Well, they are, so that was smart.

> and so for intelligibilia,
> i.e., objects of the pure understanding

Which don't exist, so that was stupid.

> (although, on account
> of the confused character of our representations of them, he
> gave them the name of phenomena), and on that assumption
> his principle of the identity of indiscernibles certainly could not
> be disputed.

Of course it could. Human understanding is entirely fallible.
Anything that is an object of pure human understanding is going
to be subject to dispute.

> But, since they are objects of sensibility, in relation
> to which the employment of the understanding is not pure, but only
> empirical, plurality and numerical difference are already given to
> us by space itself, the condition of outer appearances.

 Exactly, which moots all your prior considerations, so why
have you bothered?

> Whatever one may think about Kant's theory of knowledge or "intutionism" in
> the philosophy of mathematics, what cannot be disputed is that Kant's
> distinction between mathematics and logic

I dispute this, which proves it can be disputed.
I further dispute your mental health. The fact that
you have returned to this repeating the same old errors
-- you have failed to STATE Kant's distinction between
mathematics and logic, which will be outdated to the point
of irrelevance in any case -- proves either a) a level of incorrigible
crackpottery that no one should further engage, or b) a tragic
relapse.

> correlates this objection to Leibniz

This doesn't even rise to the level of being an
objection to Leibniz. Leibniz knew that we all
had to look at the sensory images.

> with a *mathematical* notion of identity distinct from the identity
> of Frege's early logicism.

No it doesn't. More to the point, Frege never had any
early logicism. Neither he nor you has ever even GIVEN
A DEFINITION of "logicism". Your ability to sling undefined
swearwords continues undiminished, tragically.

>
> For anyone interested in modern developments, Czelakowski attributes the
> origin of non-Fregean logics to Suszko's investigations.

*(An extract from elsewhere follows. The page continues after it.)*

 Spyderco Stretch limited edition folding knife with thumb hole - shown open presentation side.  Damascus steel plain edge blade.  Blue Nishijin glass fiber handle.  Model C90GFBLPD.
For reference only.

That is really stupid. Non-Fregean logics don't need an origin.
Every logic prior to Frege was non-Fregean. Non-Fregean is the
default. More modern non-Fregean logics don't need any origins
either -- ANY OLD FOOL can just think up his own. To allege that
all of them somehow got started by Suszko IS JUST FUCKING STUPID
and is a classic example of arrogant hubris on your part -- you
get to claim that you learned this truth before everybody else in
the room --if only it were one.

> Look up references
> to Suszko identity.

NO, DUMBASS.
YOU STATE the SMALL fraction of what's
IN those references that HAPPENS to be relevant
to the point YOU are trying to make! THAT'S how the
game is played! WHen the *** have you EVER seen ME
telling somebody to look up a reference??? If the reference
exists then I can just CUT AND PASTE IT IN!

> Apparently, Suszko was motivated by

It NEVER MATTERS what ANYbody was MOTIVATED by.
THE ONLY thing that matters is the RESULT!

> Wittgenstein's
> "state of affairs." But, this notion is also prominent in Husserl, and, I
> believe that the interested reader will find that the situation theory that
> arose in connection with Suszko identity

As opposed to what other kind of situation theory?
I really can't imagine Barwise and Perry insisting that
Suszko was their necessary precursor.